Business / Policy Watch

China to expand VAT reform

(Xinhua) Updated: 2014-03-13 17:17

BEIJING - China will expand a pilot reform to replace turnover tax with value-added tax (VAT) in an effort to reduce companies' tax burdens and curb double taxation, an official statement said Thursday.

The Ministry of Finance (MOF) said in a statement on its website that it is currently working with other government departments on plans to expand the VAT reform to more sectors, including the telecommunications, construction, real estate, finance and living service sectors.

Living services refer to services that meet people's daily life needs, such as catering, accommodation, hairdressing and photography services.
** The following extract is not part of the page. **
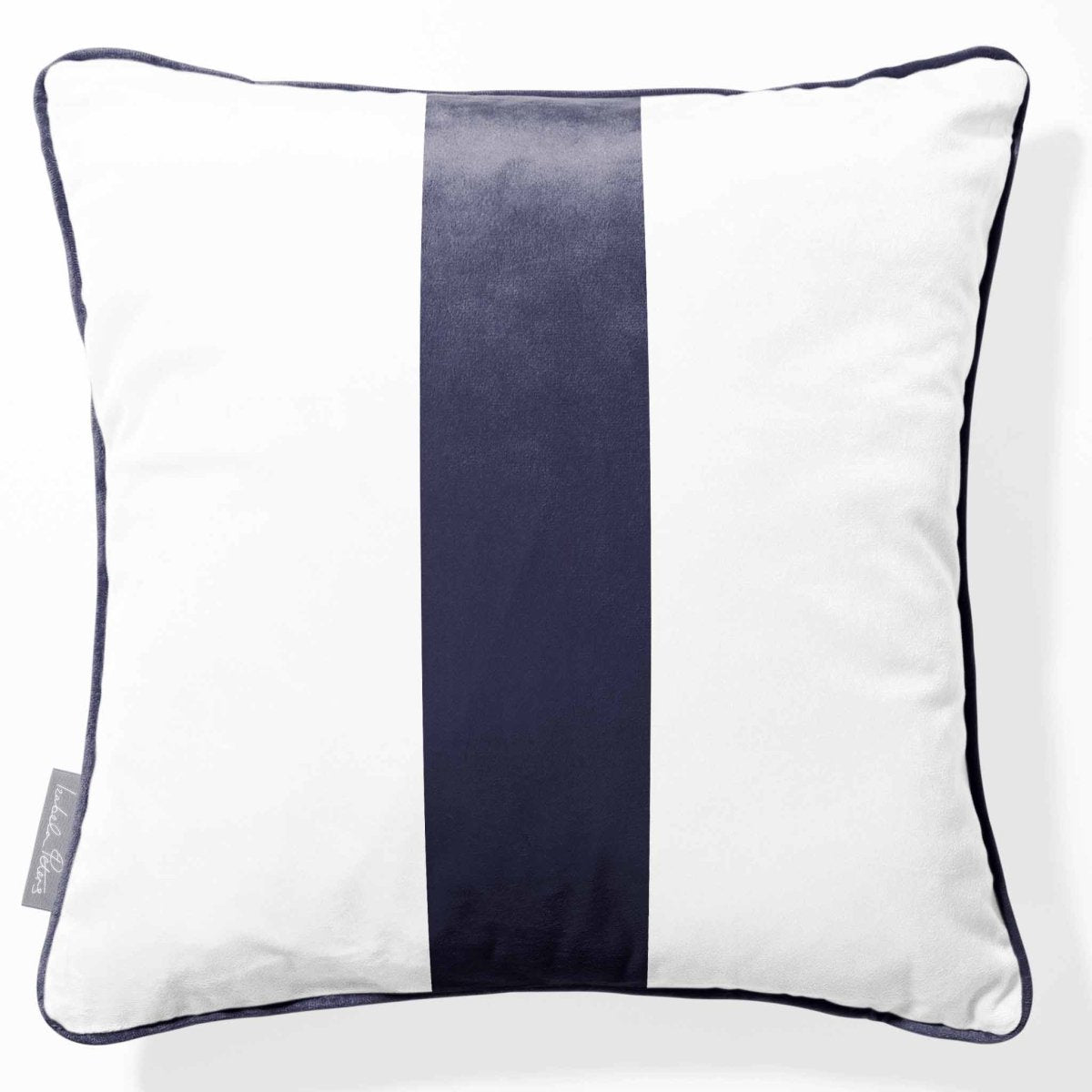 1 Stripe | Sustainable Velvet Cushion with Piping - Graphite 40 x 40 cm by Izabela Peters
"The country will steadily expand the scope of the pilot reform and strive to complete the reform by the end of the 12th Five-Year Plan (2011-2015)," the statement said.

VAT is tax levied on the difference between the cost of production and the price of a commodity on the market. It is favored partly because it can reduce double taxation.

Following regional experiments since the beginning of 2012, VAT reform in transportation and some modern service sectors was rolled out throughout the country on Aug. 1, 2013.

The country expanded the pilot reform to the railway transportation and postal service sectors starting on Jan 1, 2014.

Around 2.7 million enterprises were covered by the VAT reform by the end of last year, up 160 percent from the end of 2012, the statement said.

By the end of 2013, the reform reduced tax burdens for companies by more than 140 billion yuan ($22.83 billion), up from 42.6 billion yuan in the previous year, according to the MOF.

"With the progress of the pilot program, the policies concerning the trials and management measures have gradually become mature," the statement said.

The reform has shown effects in terms of reducing double taxation, promoting the service sector's development and unleashing the vitality of involved enterprises, the MOF said.